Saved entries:
BEGIN

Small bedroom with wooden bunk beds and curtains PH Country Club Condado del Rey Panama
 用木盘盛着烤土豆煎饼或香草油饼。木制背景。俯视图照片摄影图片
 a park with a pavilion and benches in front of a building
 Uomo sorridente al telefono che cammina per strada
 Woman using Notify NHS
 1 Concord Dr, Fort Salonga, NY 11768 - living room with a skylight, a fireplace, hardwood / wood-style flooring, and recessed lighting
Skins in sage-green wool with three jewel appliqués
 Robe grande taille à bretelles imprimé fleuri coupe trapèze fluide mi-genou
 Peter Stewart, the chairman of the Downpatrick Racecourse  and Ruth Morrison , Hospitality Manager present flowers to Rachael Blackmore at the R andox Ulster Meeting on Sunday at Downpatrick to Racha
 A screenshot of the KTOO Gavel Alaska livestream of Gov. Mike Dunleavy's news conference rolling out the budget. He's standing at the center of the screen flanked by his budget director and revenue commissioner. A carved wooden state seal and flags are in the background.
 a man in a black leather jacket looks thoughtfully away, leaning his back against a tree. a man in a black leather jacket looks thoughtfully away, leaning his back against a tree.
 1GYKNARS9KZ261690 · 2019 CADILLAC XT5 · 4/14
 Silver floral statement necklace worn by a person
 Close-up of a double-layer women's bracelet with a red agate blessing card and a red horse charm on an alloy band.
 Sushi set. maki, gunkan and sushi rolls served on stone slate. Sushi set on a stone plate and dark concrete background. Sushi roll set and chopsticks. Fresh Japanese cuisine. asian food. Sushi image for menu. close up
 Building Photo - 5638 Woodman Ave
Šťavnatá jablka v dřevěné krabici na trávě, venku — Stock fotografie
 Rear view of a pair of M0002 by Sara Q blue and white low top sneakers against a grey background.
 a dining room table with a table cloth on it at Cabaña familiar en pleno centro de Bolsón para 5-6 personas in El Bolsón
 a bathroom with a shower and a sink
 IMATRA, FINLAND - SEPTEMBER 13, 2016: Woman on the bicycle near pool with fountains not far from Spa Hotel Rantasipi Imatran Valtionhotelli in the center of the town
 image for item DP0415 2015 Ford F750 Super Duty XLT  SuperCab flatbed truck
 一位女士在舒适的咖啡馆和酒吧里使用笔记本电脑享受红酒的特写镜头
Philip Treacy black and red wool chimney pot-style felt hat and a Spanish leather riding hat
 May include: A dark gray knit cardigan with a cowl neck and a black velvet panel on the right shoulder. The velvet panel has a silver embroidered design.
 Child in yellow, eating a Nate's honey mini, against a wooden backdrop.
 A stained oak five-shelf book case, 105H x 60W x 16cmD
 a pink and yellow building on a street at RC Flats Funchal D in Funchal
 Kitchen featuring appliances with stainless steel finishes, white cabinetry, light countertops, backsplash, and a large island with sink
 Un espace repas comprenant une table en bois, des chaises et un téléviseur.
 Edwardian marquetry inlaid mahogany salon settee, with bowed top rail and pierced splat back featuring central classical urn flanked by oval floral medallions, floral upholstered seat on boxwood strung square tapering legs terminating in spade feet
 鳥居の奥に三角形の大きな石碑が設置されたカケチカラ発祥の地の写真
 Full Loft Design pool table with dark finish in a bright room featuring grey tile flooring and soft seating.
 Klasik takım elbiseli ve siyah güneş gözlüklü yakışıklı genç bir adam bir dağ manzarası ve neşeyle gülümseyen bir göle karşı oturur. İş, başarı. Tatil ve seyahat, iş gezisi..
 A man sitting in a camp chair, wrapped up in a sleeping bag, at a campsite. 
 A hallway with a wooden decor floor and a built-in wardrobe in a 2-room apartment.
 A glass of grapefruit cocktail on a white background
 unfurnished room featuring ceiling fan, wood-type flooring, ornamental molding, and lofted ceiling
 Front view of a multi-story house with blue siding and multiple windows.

END

- [What you should do]
Provide an exact transcript of the lines from the one that holds "Klasik takım elbiseli" through the final line of the data above.

- [Answer space]
 Klasik takım elbiseli ve siyah güneş gözlüklü yakışıklı genç bir adam bir dağ manzarası ve neşeyle gülümseyen bir göle karşı oturur. İş, başarı. Tatil ve seyahat, iş gezisi..
 A man sitting in a camp chair, wrapped up in a sleeping bag, at a campsite. 
 A hallway with a wooden decor floor and a built-in wardrobe in a 2-room apartment.
 A glass of grapefruit cocktail on a white background
 unfurnished room featuring ceiling fan, wood-type flooring, ornamental molding, and lofted ceiling
 Front view of a multi-story house with blue siding and multiple windows.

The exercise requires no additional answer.